COUR D'APPEL D'AIX-EN-PROVENCE
PARQUET GENERAL
R. G. N° : 99/01884 - Audience du 19 Décembre 2000 1ère Chambre Civile A
CONCLUSIONS DU MINISTERE PUBLIC
LE PROCUREUR GENERAL Près la COUR D'APPEL D'AIX-EN-PROVENCE,
Vu la procédure en cuse d'Appel suivie entre :
Mr Robert ALESSANDRI, demeurant 81, Rue Auguste BLANQUI, 13005 MARSEILLE,
pris en ses qualités de Directeur et Rédacteur en Chef de la
revue "UNIVERS OVNI" et en tant qu'auteur d'articles parus dans cette revue,
APPELANT,
Représenté par la S. C. P. LIBERAS-BUVAT-MICHOTEY, Avoués,
Plaidant par Maître RANCAN, Avocat au barreau d'AIX-EN-PROVENCE,
ET :
Mr Jean-Jacques VELASCO, demeurant [...]
INTIME,
Représenté par la S. C. P. TOLLINCHI & PERRET, Avoués,
Plaidant par Maître BARTHET, Avocat au Barreau de TOULOUSE,
Vu le Jugement rendu par le Tribunal de Grande Instance de MARSEILLE le 26 Novembre 1998 et dont Appel,
A l'honneur d'exposer ce qui suit :
I - FAITS ET PROCEDURE
1° - Mr Jean-Jacques VELASCO est le responsable du Service d'Expertise
des Phénomènes de Rentrées Atmosphérique dit
SEPRA. Il s'agit d'un Service du Centre National d'Etudes Spatiales (C. N. E. S.).

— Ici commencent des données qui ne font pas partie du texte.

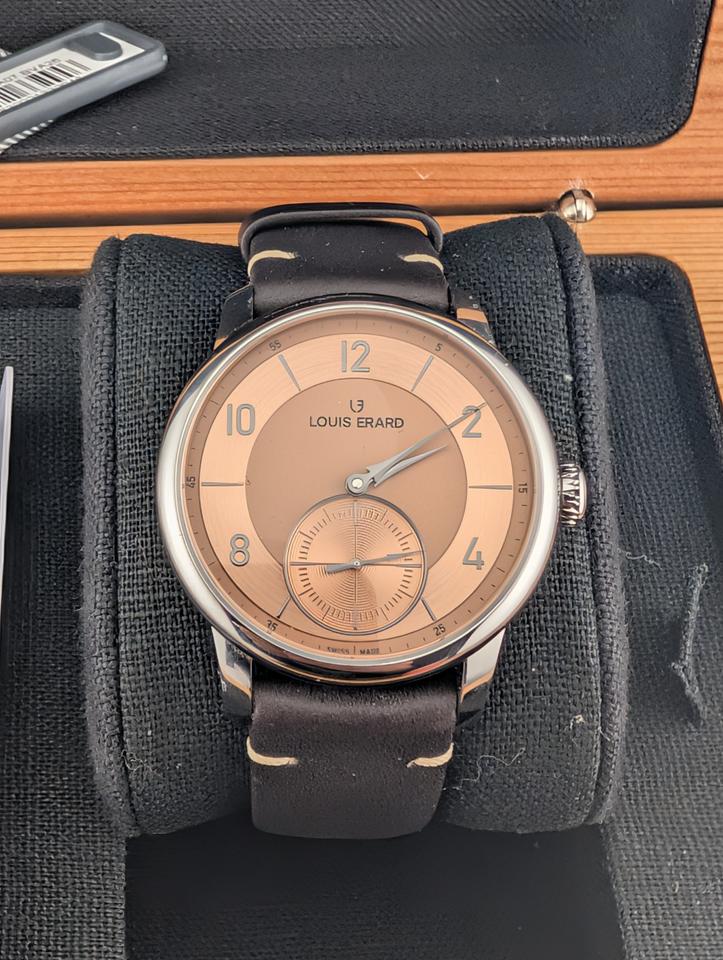 Louis Erard Excellence 34238AA07.BVA26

Une Association d'Etudes des Manifestations d'Intelligences non Humaines,
dite "I. N. H. Evidence", fait paraître une revue intitulée
"UNIVERS OVNI" dont le Directeur de la Publication et le Rédacteur
en Chef est Mr Robert ALESSANDRI sous la plume de qui paraissent des articles
dans ce périodique.
2° - Par acte d'huissier en date du 29 décembre 1997, Mr Jean-Jacques
VELASCO faisait assigner Mr Robert ALESSANDRI, en ses qualités de
Directeur de la Publication et de Rédacteur en Chef de la revue précitée
ainsi qu'en tant qu'auteur de deux articles publiés dans ledit périodique
(N° 2 couvrant la période d'Octobre à Décembre
1997), en responsabilité du dommage qu'il disait lui avoir été
causé en pareille circonstance du fait de telles publications, sur
le fondement de l'Article 1382 du Code Civil, ainsi qu'en paiement de dommages-intérêts,
outre l'application de l'article 700 du Nouveau Code de Procédure
Civile. À cet égard, le demandeur faisait alors état
d'un article signé par Mr Robert ALESSANDRI, publié entre les
pages 16 à 29 du numéro incriminé sous le titre :
"LE CULTE DU 5 NOVEMBRE 1990". Ainsi, il se plaignait de passages écrits
mettant en cause sa compétence professionnelle et son sérieux.
Par conclusions subséquentes signifiées le 22 Juin 1998, Mr
Jean-Jacques VELASCO faisait observer que Mr Robert ALESSANDRI avait réitéré
ses dires "diffamatoires et injurieux" dans le dernier bulletin de liaison
de l'Association d'Etudes des Manifestations d'Intelligences non Humaines,
dite I. N. H. Evidence, d'où une volonté manifeste
de nuire de la part de l'auteur de ce dernier écrit.
Régulièrement cité à domicile, Mr Robert ALESSANDRI
ne comparaissait pas et ne se faisait pas représenter.
3° - Par Jugement réputé contradictoire en date du 26 Novembre
1998, le Tribunal de Grande Instance de MARSEILLE :
- condamnait le défendeur à payer à Mr Jean-Jacques
VELASCO la somme de 30.000 Frs à titre de dommages-intérêts,
sur le fondement de l'article 1382 du Code Civil,
- ordonnait la publication par extraits de cette décision dans le
plus prochain numéro à paraître de la revue UNIVERS OVNI
aux frais du défendeur,
- condamnait ce dernier à verser à Mr Jean-Jacques VELASCO
la somme de 6.000 Frs sur le fondement de l'article 700 du Nouveau Code
de Procédure Civile, outre le remboursement des dépens.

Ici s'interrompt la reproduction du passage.